Supplied data
※ ※ ※
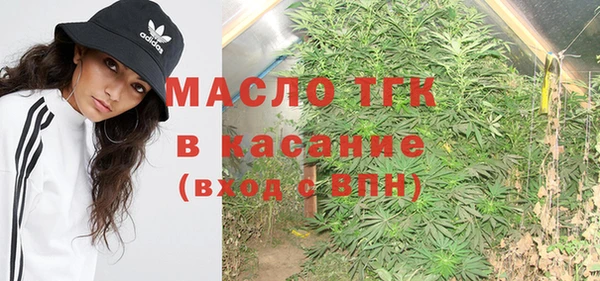 прущие грибы Инсар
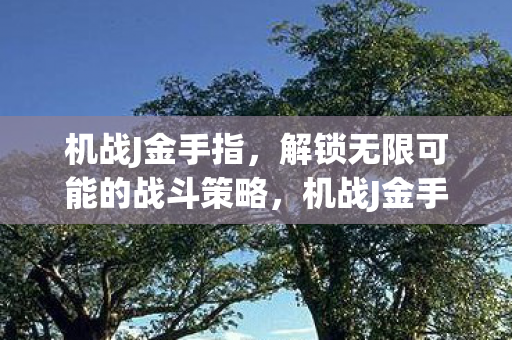机战J金手指，解锁无限可能的战斗策略，机战J金手指，解锁无限战斗策略
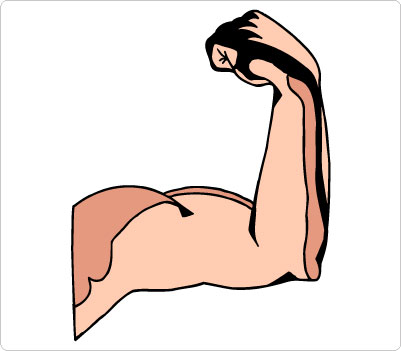 Clip Art Muscular Arms Clipar - Muscles Clip Art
※ ※ ※
What you should do
Leaving out the pictures, output each line above exactly as it is.

Response to the task
 прущие грибы Инсар
机战J金手指，解锁无限可能的战斗策略，机战J金手指，解锁无限战斗策略
 Clip Art Muscular Arms Clipar - Muscles Clip Art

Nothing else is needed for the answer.